Why does acupuncture work? Study finds it elevates nitric oxide, leading to pain reduction

LA BioMed, June 29, 2022  The use of acupuncture to treat pain dates back to the earliest recorded history in China. Despite centuries of acupuncture, it’s still not clear why this method of applying and stimulating tiny needles at certain points on the body can relieve pain. A new study from LA BioMed researchers offers some answers for why acupuncture may help and why clinical trials have produced mixed results. The researchers found the proper use of acupuncture (with the reinforcement method or coupled with heat, which is often used in acupuncture treatments) can lead to elevated levels of nitric oxide in the skin at the “acupoints” where the needles were inserted and manipulated. They noted that nitric oxide increases blood flow and encourages the release of analgesic or sensitizing substances, which causes the skin to feel warmer and contributes to the beneficial effects of the therapies.For the latest study, the LA BioMed researchers used a low force and rate/reinforcement method of acupuncture. They gently inserted acupuncture needles into the skin of 25 men and women, aged 18-60 years, and delicately twisted the needles for two minutes or until they achieved a sensation of “de qi” (soreness, numbness, distension or pain). They then manipulated the needles using gentle amplitude and moderate speed for two minutes every five minutes for a total of 20 minutes.They also applied electrical heat for 20 minutes and found elevated levels of nitric oxide at the acupoints. To further validate their findings, they conducted the test with high-frequency and force, which is known as a reduction method, and found nitric oxide levels over the areas of the skin region were reduced.

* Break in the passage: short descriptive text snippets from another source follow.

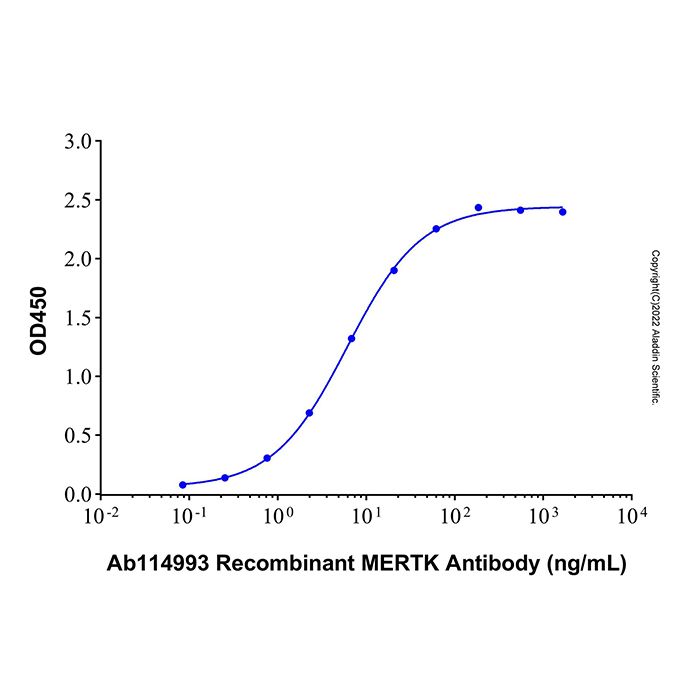 Recombinant Human MERTK/Mer Protein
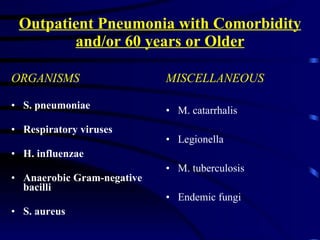 Outpatient Pneumonia with Comorbidity and/or 60 years or Older ORGANISMS S. pneumoniae Respiratory viruses H. influenzae Anaerobic Gram-negative bacilli S. aureus MISCELLANEOUS M. catarrhalis Legionella M. tuberculosis Endemic fungi 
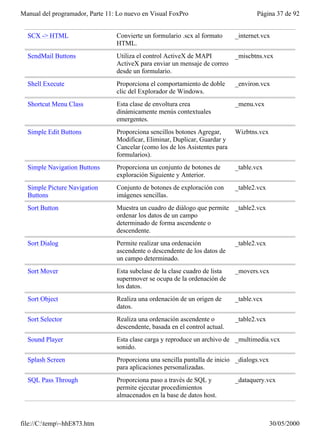 Manual del programador, Parte 11: Lo nuevo en Visual FoxPro                          Página 37 de 92


  SCX -> HTML                    Convierte un formulario .scx al formato     _internet.vcx
                                 HTML.
  SendMail Buttons               Utiliza el control ActiveX de MAPI       _miscbtns.vcx
                                 ActiveX para enviar un mensaje de correo
                                 desde un formulario.
  Shell Execute                  Proporciona el comportamiento de doble      _environ.vcx
                                 clic del Explorador de Windows.
  Shortcut Menu Class            Esta clase de envoltura crea                _menu.vcx
                                 dinámicamente menús contextuales
                                 emergentes.
  Simple Edit Buttons            Proporciona sencillos botones Agregar,      Wizbtns.vcx
                                 Modificar, Eliminar, Duplicar, Guardar y
                                 Cancelar (como los de los Asistentes para
                                 formularios).
  Simple Navigation Buttons      Proporciona un conjunto de botones de       _table.vcx
                                 exploración Siguiente y Anterior.
  Simple Picture Navigation      Conjunto de botones de exploración con      _table2.vcx
  Buttons                        imágenes sencillas.
  Sort Button                    Muestra un cuadro de diálogo que permite _table2.vcx
                                 ordenar los datos de un campo
                                 determinado de forma ascendente o
                                 descendente.
  Sort Dialog                    Permite realizar una ordenación             _table2.vcx
                                 ascendente o descendente de los datos de
                                 un campo determinado.
  Sort Mover                     Esta subclase de la clase cuadro de lista   _movers.vcx
                                 supermover se ocupa de la ordenación de
                                 los datos.
  Sort Object                    Realiza una ordenación de un origen de      _table.vcx
                                 datos.
  Sort Selector                  Realiza una ordenación ascendente o         _table2.vcx
                                 descendente, basada en el control actual.
  Sound Player                   Esta clase carga y reproduce un archivo de _multimedia.vcx
                                 sonido.
  Splash Screen                  Proporciona una sencilla pantalla de inicio _dialogs.vcx
                                 para aplicaciones personalizadas.
  SQL Pass Through               Proporciona paso a través de SQL y          _dataquery.vcx
                                 permite ejecutar procedimientos
                                 almacenados en la base de datos host.



file://C:temp~hhE873.htm                                                                  30/05/2000
 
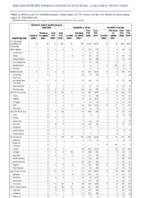 Hemolytic uremic syndrome postdiarrheal Hepatitis viral acute by type Week 34 Weekly cases of notifiable diseases United States US territories and NonUS Residents weeks ending August 22 2020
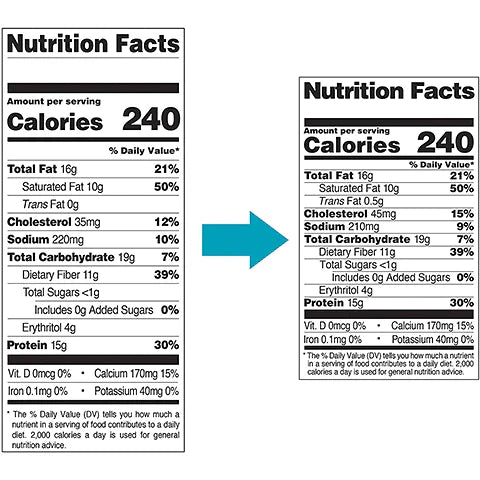 Quest Protein Cookie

Thyroid problems linked to increased risk of dementia

Brown University, July 6, 2022

Older people with hypothyroidism, also called underactive thyroid, may be at increased risk of developing dementia, according to a study published in the online issue of Neurology. The risk of developing dementia was even higher for people whose thyroid condition required thyroid hormone replacement medication.

“In some cases, thyroid disorders have been associated with dementia symptoms that can be reversible with treatment,” said study author Chien-Hsiang Weng, MD, MPH, of Brown University in Providence, Rhode Island. 

For the study, researchers looked at the health records of 7,843 people newly diagnosed with dementia in Taiwan and compared them to the same number of people who did not have dementia. Their average age was 75. Researchers looked to see who had a history of either hypothyroidism or hyperthyroidism. 

A total of 102 people had hypothyroidism and 133 had hyperthyroidism.

The researchers found no link between hyperthyroidism and dementia.

Of the people with dementia, 68 people, or 0.9%, had hypothyroidism, compared to 34 of the people without dementia, or 0.4%. When researchers adjusted for other factors that could affect the risk of dementia, such as sex, age, high blood pressureand diabetes, they found that people over age 65 with hypothyroidism were 80% more likely to develop dementia than people the same age who did not have thyroid problems. For people younger than 65, having a history of hypothyroidism was not associated with an increased risk of dementia.

When researchers looked only at people who took medication for hypothyroidism, they found they were three times more likely to develop dementia than those who did not take medication. “One explanation for this could be that these people are more likely to experience greater symptoms from hypothyroidism where treatment was needed,” Weng said.